Democrats are crying foul, particularly Senator Jack Reed (R.I.), the ranking Democrat on the Senate Armed Services Committee. In a statement, Reed slammed the Trump administration's decision:
“We know President Trump wants to take money from our national security accounts to pay for his wall, and now we have a list of some of the projects and needed base repairs that could be derailed or put on the chopping block as a result.
What President Trump is doing is a slap in the face to our military that makes our border and the country less secure. He is planning to take funds from real, effective operational priorities and needed projects and divert them to his vanity wall. That may help shore up his political base, but it could come at the expense of our military bases and the men and women of our armed forces who rely on them.
A bipartisan majority of Congress went on record in voting to rebuke this ill-conceived idea. Now that members of Congress can see the potential impact this proposal could have on projects in their home states, I hope they will take that into consideration before the vote to override the President’s veto.”
Several high-profile Democrats have joined Reed in condemning the Pentagon's proposal.
Senator Tim Kaine (VA) said the sheer length of the list is evidence that constructing the wall is not "feasible."
Senate Minority Leader Chuck Schumer (NY) said the Pentagon's list "is one reason a bipartisan majority voted to terminate his 'emergency.'"
Senator Cory Booker (NJ), one of the president's more vocal critics, said the United States "should not put our national security at risk for a wall we don't need."
Senator Dick Durbin (IL) was also firm in his disavowal of the list, writing in a series of tweets that Republicans must "put the military ahead of party politics."
The cuts to military construction projects aren't the only way the president would like to fund the proposed wall. Acting budget chief Russell Vought announced that Trump's proposed 2020 budget asks Congress for an additional $8.6 billion, which would be enough to “finish” the project. That figure is $7 billion more than the Trump administration asked for the border wall in any previous budget requests.
Last week, the White House slammed Democrats in a social media post, using a quote from politician Betsy McCaughey, who served as an economic adviser on Trump's 2016 presidential campaign, to make the case against "weak borders."
President Trump declared a national emergency last month, a move which allows him to access billions of dollars to construct a wall at the U.S.-Mexico border after Congress denied his requests for funding.
The president has been accused of manufacturing a crisis. In fact, his own reasoning was used against him.

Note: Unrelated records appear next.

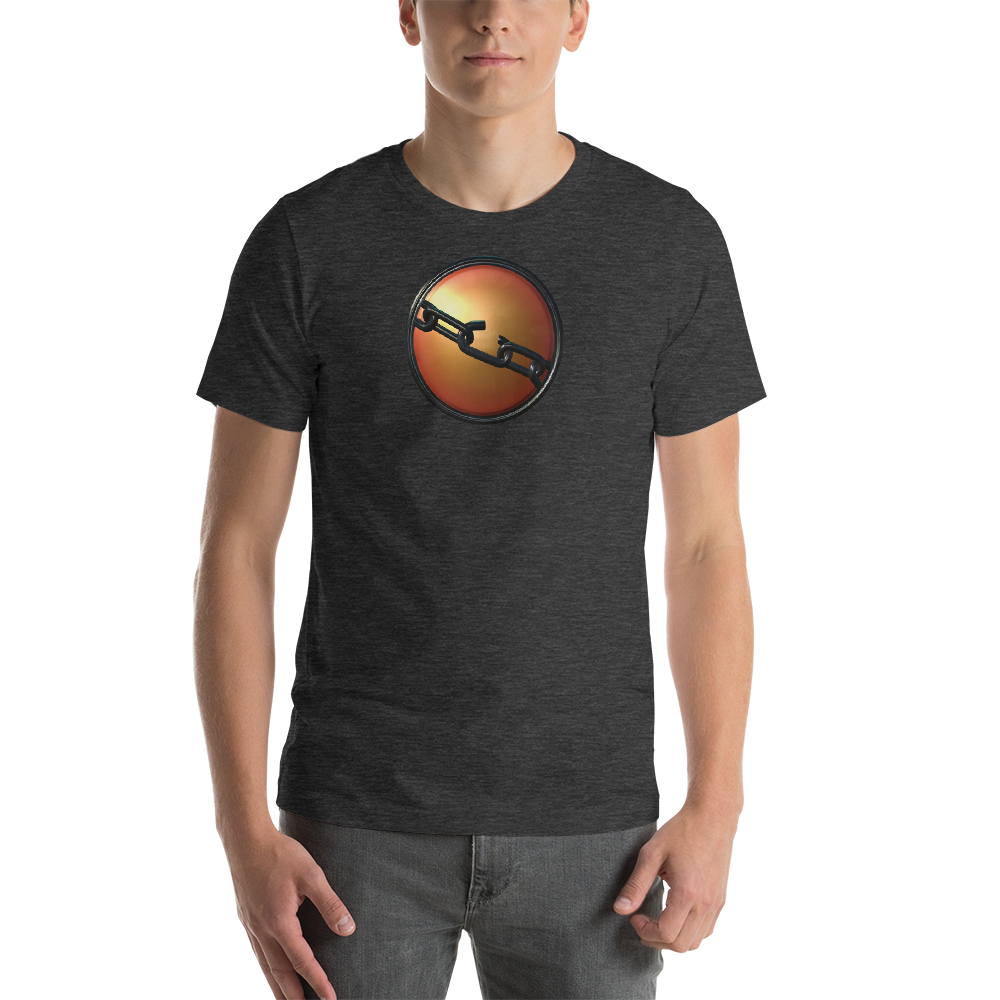 Varkraalan Short-Sleeve Unisex T-Shirt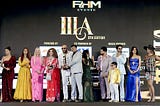TrigoBlockchain Shines at the IIIA Awards Dubai: CEO Unveils Vision for Real-World Asset…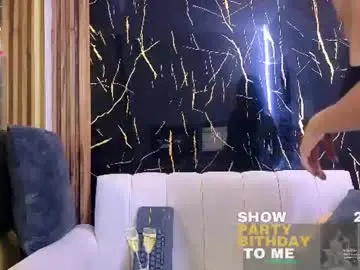 Chaturbate Watch Live Sex Cams of starlight_mature23_aws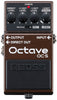Boss OC-5 Polyphonic Guitar/Bass Octave Pedal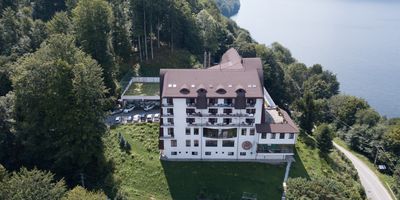 Hotel Valea cu Pești Arefu - foto 5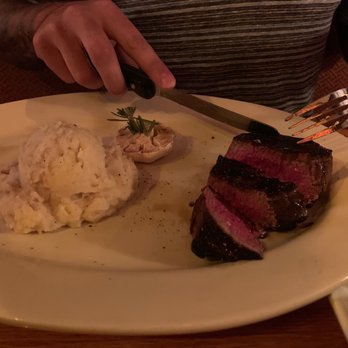 Raindancer Steakhouse - Filet Mignon 9oz - Steakhouses Near Me - West Palm Beach, Florida Raindancer Steakhouse - Filet Mignon 9oz - Steakhouses Near Me - West Palm Beach, Florida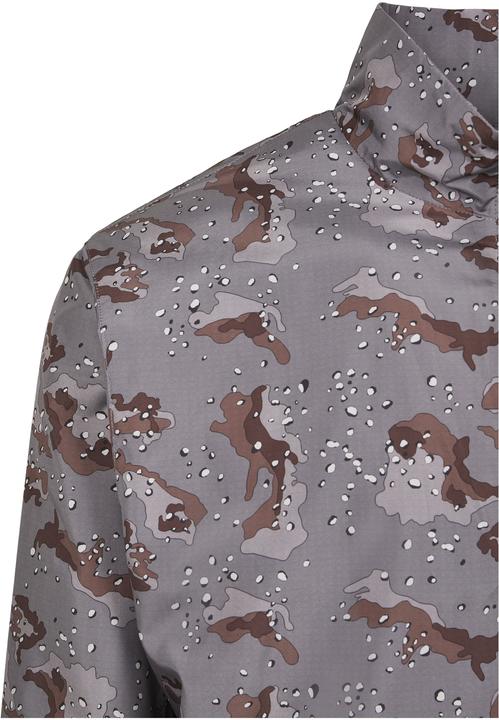 Immagine prodotto Urban Classics Camo Track Jacket (M)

“I could do the wall over a longer period of time,” he told NBC’s Peter Alexander when asked about his prior statements on the merits of executive orders, which he had long accused former President Barack Obama of using to circumvent the decisions of Congress. “I didn’t need to do this, but I’d rather do it much faster.”
As he continued to speak during the news conference, the president outlined what would happen next:
“We will have a national emergency. And we will then be sued… And we will possibly get a bad ruling. And then we will get another bad ruling. And then we will end up in the Supreme Court.”
The declaration of a national emergency is the culmination of a long fight over funding for the president’s pet project that resulted in a shutdown that kicked off in December 2018 after he declined to sign a stopgap funding bill because he disagreed with the decision of Congress not to provide the funding he’d requested for his proposed border wall. As the shutdown wore on, he insisted that it was simply a ploy by Democrats to cost him re-election.
Multiple lawsuits have been filed in an effort to halt the president's national emergency declaration. Last week, Congress passed a bipartisan measure blocking the declaration, but Trump vetoed the measure on March 15. It was the first veto of his presidency.